Even though the defendants were temporarily unsuccessful on the application to go to the Court of Appeals, such fact would not necessarily preclude the defendants, who ultimately succeeded on the appeal, from recovering their printing disbursements. (Burns v. D., L. & W. R. R. Co., 135 N. Y. 268.) In the case just cited the complaint separately set forth three distinct causes of action. Plaintiff was nonsuited as to two, but had a verdict as to the third. A commission had been issued to take testimony concerning one of the causes of action upon which plaintiff was nonsuited. Upon the taxation of cost's the defendant objected to the items connected therewith, upon the ground that the plaintiff was unsuccessful as to that particular cause of action. The court held that the right of a party to tax the statutory allowance for examination of witnesses by commission did not depend upon his success as to the particular cause of action to which the proof was directed, but upon such success ?s carried with it the right to general costs in the action, and that as the plaintiff succeeded to that extent, the fact that he failed to recover upon the two causes of action was utterly immaterial.

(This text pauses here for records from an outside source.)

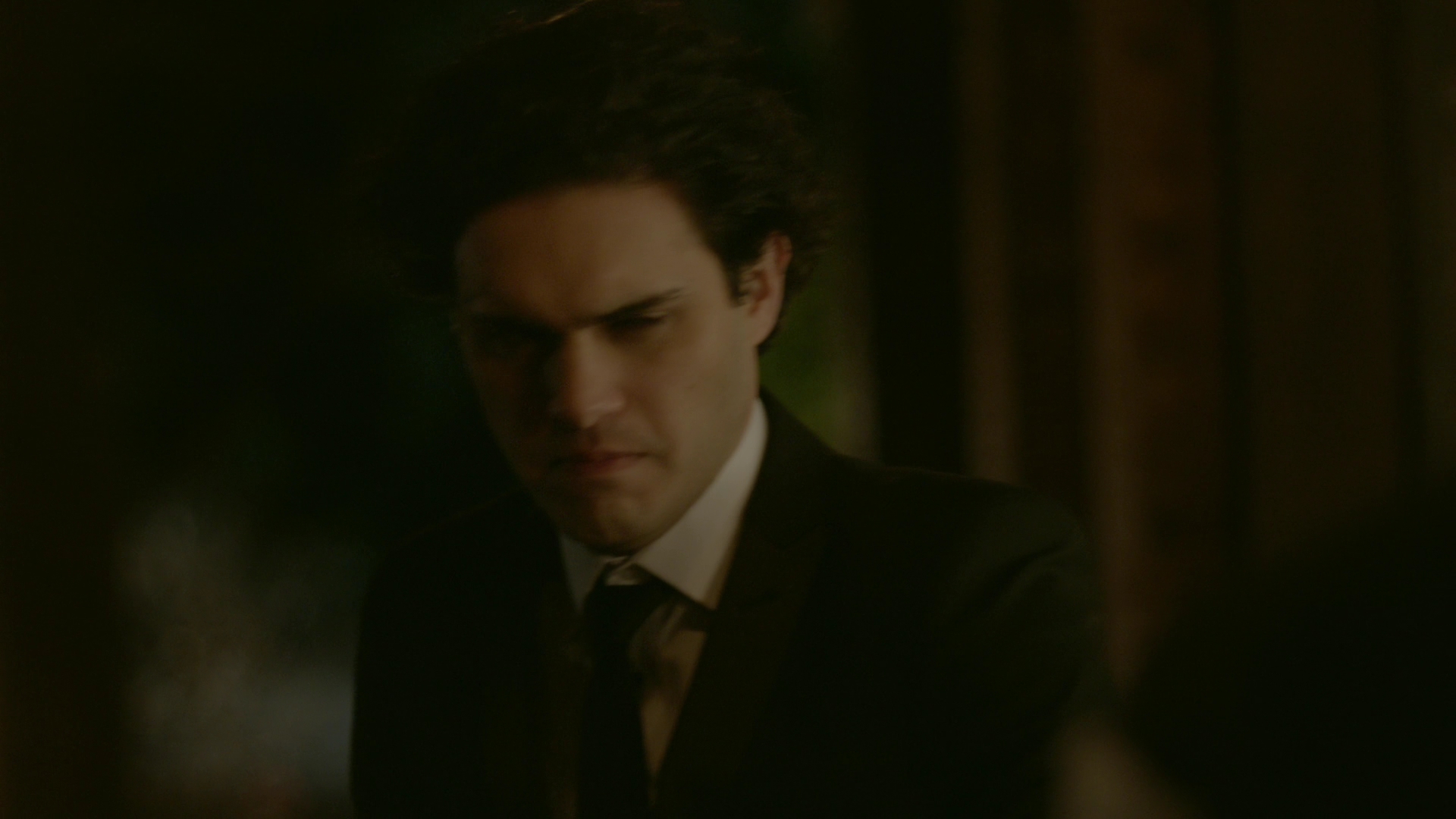 VampireDiariesWorld-dot-nl_Legacies1x14LetsJustFinishTheDance04169.jpg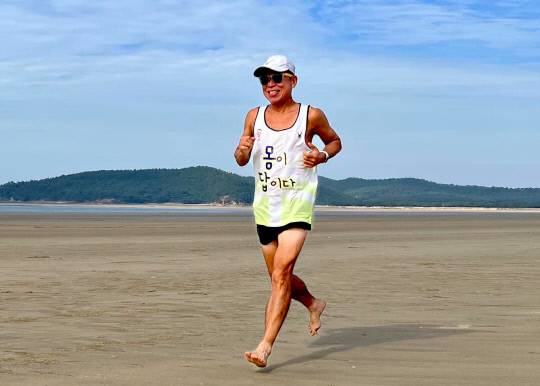 '대한민국 한바퀴' 87일차 충남 태안 신두리해안사구를 뛰고 있는 조웅래 맥키스컴퍼니 회장 모습. 사진=㈜맥키스컴퍼니 제공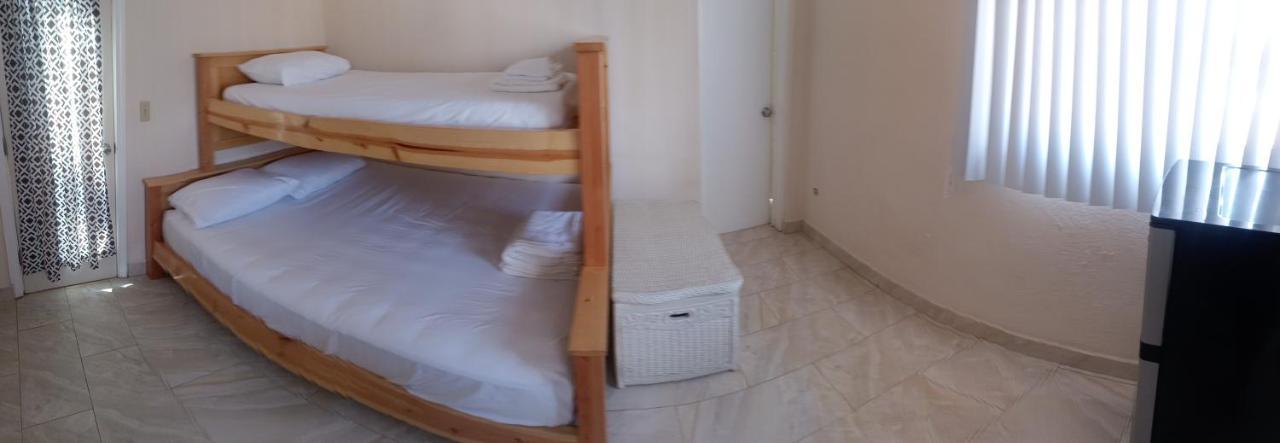 De Alamo Hostel 罗萨里托 外观 照片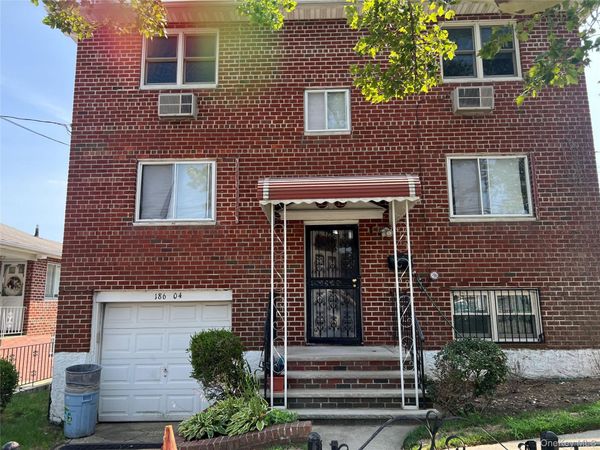 18604 140th Avenue , Springfield Gardens, NY 11413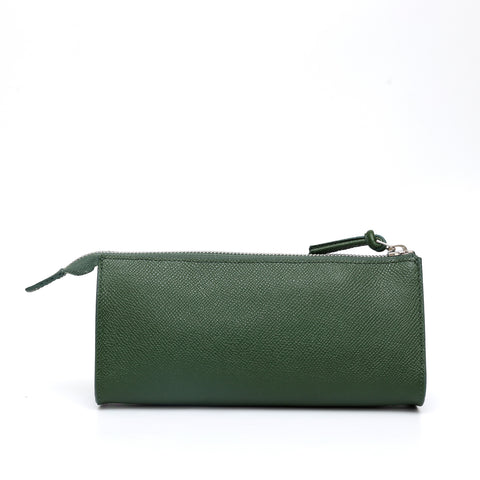 Beauty in pelle martellata verde, prodotta da Pianigiani Bags.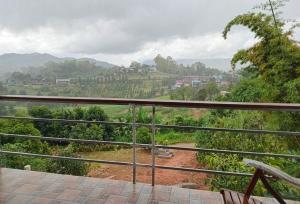 a balcony with a view of a valley at สิรีรินทร์ ภูหมอก in Khao Kho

In Vibbard v. Kinser Construction Co. (145 App. Div. 673), the court ordered a transcript of the stenographer's minutes of certain evidence to be used upon a motion for a new trial upon the judge's minutes. A new trial was granted, and to that extent the defendant was successful. When the case was tried the second time the plaintiff again succeeded. It was held that the stenographer's fees for transcribing the evidence required by the court upon the motion for a new trial was properly included in the bill of costs upon the second trial. Certainly the motion for leave to appeal to the Court of Appeals is as much a part of the appeal to that court as a. motion for a new trial is a part of the second trial.
I think that it must be held that the words " with costs " in the order of affirmance are broad enough to cover the item to which objection is made.
Motion denied, with ten dollars costs.